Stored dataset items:
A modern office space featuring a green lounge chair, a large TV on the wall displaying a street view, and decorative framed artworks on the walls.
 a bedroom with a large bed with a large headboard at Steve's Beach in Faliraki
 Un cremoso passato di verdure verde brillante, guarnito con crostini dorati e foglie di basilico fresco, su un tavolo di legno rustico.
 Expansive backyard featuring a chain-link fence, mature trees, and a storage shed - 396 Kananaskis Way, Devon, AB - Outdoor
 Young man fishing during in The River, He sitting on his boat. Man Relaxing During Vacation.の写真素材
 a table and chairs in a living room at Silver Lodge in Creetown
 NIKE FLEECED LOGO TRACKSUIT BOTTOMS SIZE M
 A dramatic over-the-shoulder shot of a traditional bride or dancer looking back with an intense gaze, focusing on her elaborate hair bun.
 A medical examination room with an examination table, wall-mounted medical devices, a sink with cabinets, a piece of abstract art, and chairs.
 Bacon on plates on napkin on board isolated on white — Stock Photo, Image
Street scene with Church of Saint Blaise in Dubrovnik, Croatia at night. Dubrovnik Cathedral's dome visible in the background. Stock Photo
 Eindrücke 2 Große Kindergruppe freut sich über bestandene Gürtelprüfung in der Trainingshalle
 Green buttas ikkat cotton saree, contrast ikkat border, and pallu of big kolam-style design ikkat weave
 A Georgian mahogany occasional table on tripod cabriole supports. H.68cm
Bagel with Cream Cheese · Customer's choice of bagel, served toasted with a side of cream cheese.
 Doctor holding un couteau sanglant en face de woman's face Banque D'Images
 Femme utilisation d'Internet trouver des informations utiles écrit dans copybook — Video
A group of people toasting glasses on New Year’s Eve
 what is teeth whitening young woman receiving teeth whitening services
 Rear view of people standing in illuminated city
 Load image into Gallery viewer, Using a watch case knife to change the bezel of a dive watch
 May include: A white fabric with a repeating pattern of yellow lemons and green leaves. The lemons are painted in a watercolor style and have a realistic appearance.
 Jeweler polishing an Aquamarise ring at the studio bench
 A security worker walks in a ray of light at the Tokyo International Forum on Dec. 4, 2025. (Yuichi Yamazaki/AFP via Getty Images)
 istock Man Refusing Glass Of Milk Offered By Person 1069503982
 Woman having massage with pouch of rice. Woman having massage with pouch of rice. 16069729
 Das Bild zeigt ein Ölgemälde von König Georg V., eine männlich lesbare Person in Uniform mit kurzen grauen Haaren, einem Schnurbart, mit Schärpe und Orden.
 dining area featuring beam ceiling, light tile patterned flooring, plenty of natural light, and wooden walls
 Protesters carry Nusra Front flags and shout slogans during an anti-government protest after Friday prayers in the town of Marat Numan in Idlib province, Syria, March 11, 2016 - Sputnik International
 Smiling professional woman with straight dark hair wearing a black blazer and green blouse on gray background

What to work on
Set down every entry again, word for word.

Written answer
A modern office space featuring a green lounge chair, a large TV on the wall displaying a street view, and decorative framed artworks on the walls.
 a bedroom with a large bed with a large headboard at Steve's Beach in Faliraki
 Un cremoso passato di verdure verde brillante, guarnito con crostini dorati e foglie di basilico fresco, su un tavolo di legno rustico.
 Expansive backyard featuring a chain-link fence, mature trees, and a storage shed - 396 Kananaskis Way, Devon, AB - Outdoor
 Young man fishing during in The River, He sitting on his boat. Man Relaxing During Vacation.の写真素材
 a table and chairs in a living room at Silver Lodge in Creetown
 NIKE FLEECED LOGO TRACKSUIT BOTTOMS SIZE M
 A dramatic over-the-shoulder shot of a traditional bride or dancer looking back with an intense gaze, focusing on her elaborate hair bun.
 A medical examination room with an examination table, wall-mounted medical devices, a sink with cabinets, a piece of abstract art, and chairs.
 Bacon on plates on napkin on board isolated on white — Stock Photo, Image
Street scene with Church of Saint Blaise in Dubrovnik, Croatia at night. Dubrovnik Cathedral's dome visible in the background. Stock Photo
 Eindrücke 2 Große Kindergruppe freut sich über bestandene Gürtelprüfung in der Trainingshalle
 Green buttas ikkat cotton saree, contrast ikkat border, and pallu of big kolam-style design ikkat weave
 A Georgian mahogany occasional table on tripod cabriole supports. H.68cm
Bagel with Cream Cheese · Customer's choice of bagel, served toasted with a side of cream cheese.
 Doctor holding un couteau sanglant en face de woman's face Banque D'Images
 Femme utilisation d'Internet trouver des informations utiles écrit dans copybook — Video
A group of people toasting glasses on New Year’s Eve
 what is teeth whitening young woman receiving teeth whitening services
 Rear view of people standing in illuminated city
 Load image into Gallery viewer, Using a watch case knife to change the bezel of a dive watch
 May include: A white fabric with a repeating pattern of yellow lemons and green leaves. The lemons are painted in a watercolor style and have a realistic appearance.
 Jeweler polishing an Aquamarise ring at the studio bench
 A security worker walks in a ray of light at the Tokyo International Forum on Dec. 4, 2025. (Yuichi Yamazaki/AFP via Getty Images)
 istock Man Refusing Glass Of Milk Offered By Person 1069503982
 Woman having massage with pouch of rice. Woman having massage with pouch of rice. 16069729
 Das Bild zeigt ein Ölgemälde von König Georg V., eine männlich lesbare Person in Uniform mit kurzen grauen Haaren, einem Schnurbart, mit Schärpe und Orden.
 dining area featuring beam ceiling, light tile patterned flooring, plenty of natural light, and wooden walls
 Protesters carry Nusra Front flags and shout slogans during an anti-government protest after Friday prayers in the town of Marat Numan in Idlib province, Syria, March 11, 2016 - Sputnik International
 Smiling professional woman with straight dark hair wearing a black blazer and green blouse on gray background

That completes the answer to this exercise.